Saturday, January 19, 2013

Updated HIPAA Final Rule Issued

As some readers may know, the Author holds an LLM in healthcare law and has spent much of his legal and professional career as a healthcare attorney and HIPAA Privacy, Security and Transactional Standards Consultant. He even knows what HIPAA stands for.

In fact, the Author spent almost five years with HIPAA as his primary focus.

The Author may be showing his age, but remember back to Garrett Morris on the original SNL cast and his english-challenged baseball player character, Chico Esquela. Chico had a signature line, "Baseball... been berra berra good... to me."

So, for what it is worth, "HIPAA been berra berra good.. to me."

Below is an article from the American Health Lawyers Association and the Author gives full credit to the AHLA for the content.

If anyone has any questions about the rule, please contact the author. But give him some time to wade through a few of the 563 pages. Reading all 563 pages of regulations and comments is his pennance for spending five years of his meagre life on one freakin' law.
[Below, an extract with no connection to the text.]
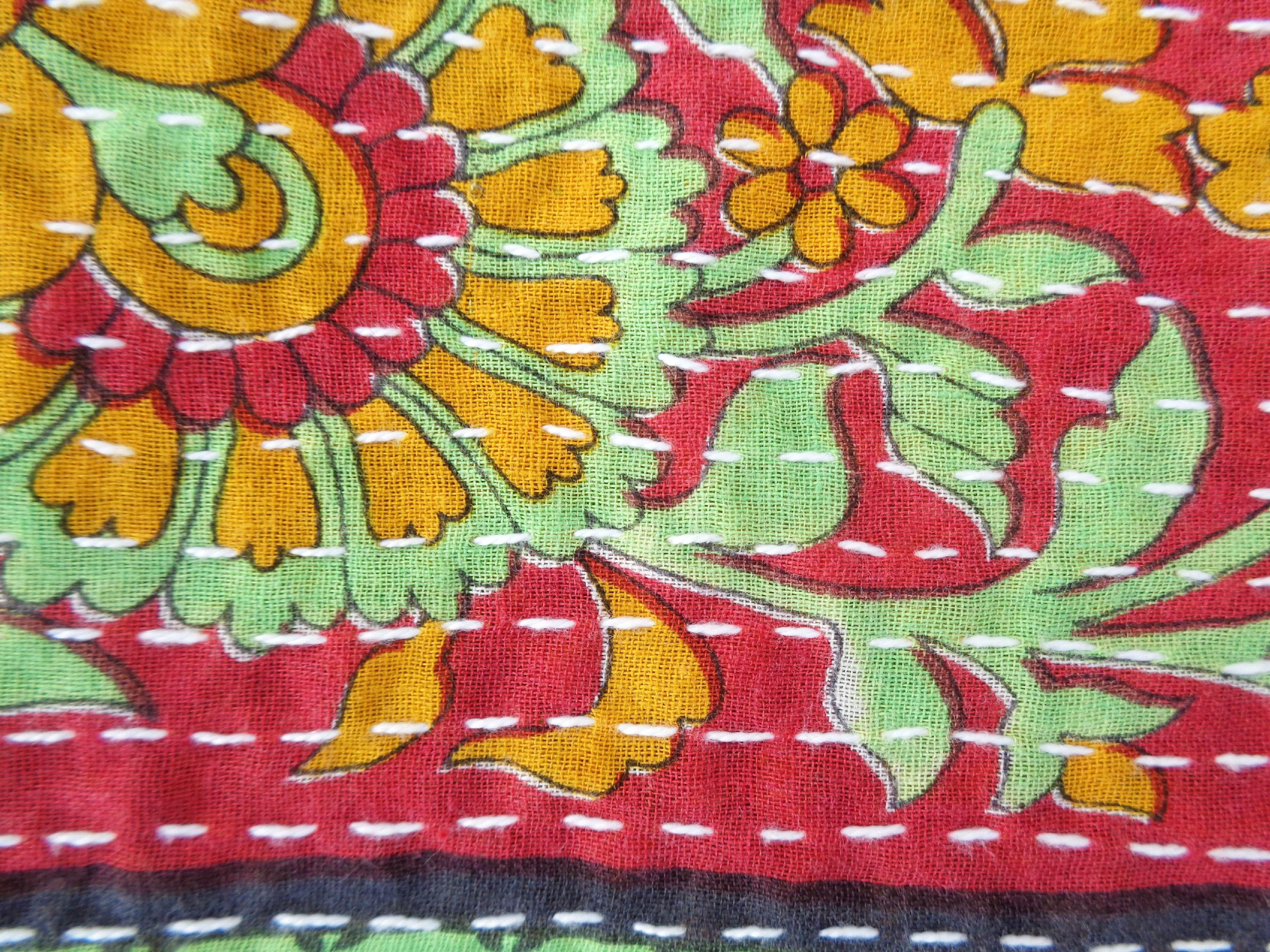 Vintage Dupatta Long Stole Cotton Saffron Hijab Hand Embroidered Kantha Scarves SR04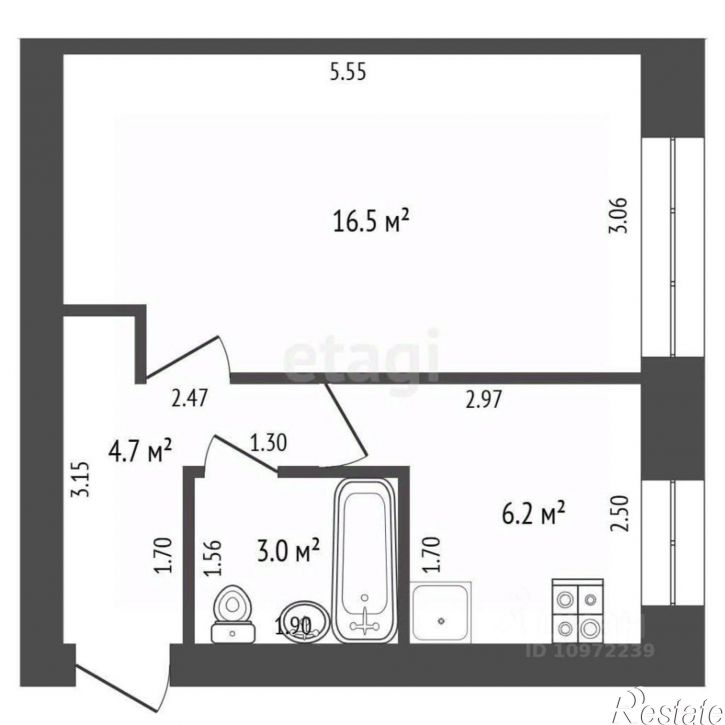 1-комн квартира пр-кт Октября, 51,  д. 51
HIPAA Final Omnibus Rule: More Protections for Patients, Expanded Liability for Covered Entities and Business Associates By Trish Markus*
On January 17, 2013, the Office for Civil Rights of the U.S. Department of Health & Human Services (OCR) issued its long-awaited final rule modifying the Health Insurance Portability and Accountability Act of 1996 (HIPAA) privacy, security, enforcement, and breach notification rules pursuant to the Health Information Technology for Economic and Clinical Health (HITECH) Act. To be published in the Federal Register on January 25, the final rule becomes effective on March 26, 2013, and compliance will be required by September 23, 2013.
At 563 pages, the final rule addresses four major topics:
  1. Revisions to numerous provisions of the HIPAA privacy and security rules (and conforming changes to the HIPAA enforcement rule);
  2. Substantial revisions to the HIPAA enforcement rule incorporating the HITECH Act's increased civil monetary penalty tiered structure;
  3. Significant revisions to the breach notification rule; and
  4. Modifications to the HIPAA privacy rule required by the Genetic Information Nondiscrimination Act.
A few highlights of the final rule include:
  • Until the September 23, 2013 compliance date, covered entities and business associates must comply with the breach notification requirements of the HITECH Act in accordance with the interim final rule.
  • The determination whether breach notification is required has moved from a subjective analysis focusing on the risk of harm to the individual to a more objective assessment focusing on the risk that the personal health information (PHI) was compromised. The final rule effectively shifts the burden of proof to the covered entity or business associate: on and after September 23, 2013, an impermissible use or disclosure of PHI will be presumed to be a breach, unless the disclosing covered entity or business associate demonstrates there is a low probability that the PHI was compromised. Under this new standard, breach notification is required only if it is determined that probability of compromise is higher than "low." This determination should be evaluated based upon:
    • The nature and extent of the PHI involved, including the types of identifiers and the likelihood that the information may be re-identified;
    • The unauthorized person who impermissibly used the PHI or to whom the PHI was impermissibly disclosed;
    • Whether the PHI was actually accessed or viewed; and
    • The extent to which the recipient, if a covered entity or business associate, took appropriate action to mitigate the breach.
  • A covered entity now may combine individuals' conditioned and unconditioned authorizations for research into a single authorization, so long as the authorization specifies which research components are conditioned and which are unconditioned and clearly permits individuals to opt in to the unconditioned research activities.
  • Research authorizations no longer need be study specific; rather, they now may be used for future research, so long as the authorization describes such research purposes sufficiently to allow the individual to reasonably expect that his or her PHI might be used or disclosed for future research.
The final rule also:
  • Makes business associates and subcontractors who use PHI in performing duties for covered entities and business associates directly liable for complying with many of the HIPAA privacy and security rule requirements;
  • Confirms that a covered entity or business associate is liable for violations due to the acts or omissions of an agent acting within the scope of agency, and notes that the federal common law of agency is the standard for determining the covered entity's or business associate's responsibility; and
  • Provides that most health plans may not use genetic information for underwriting purposes.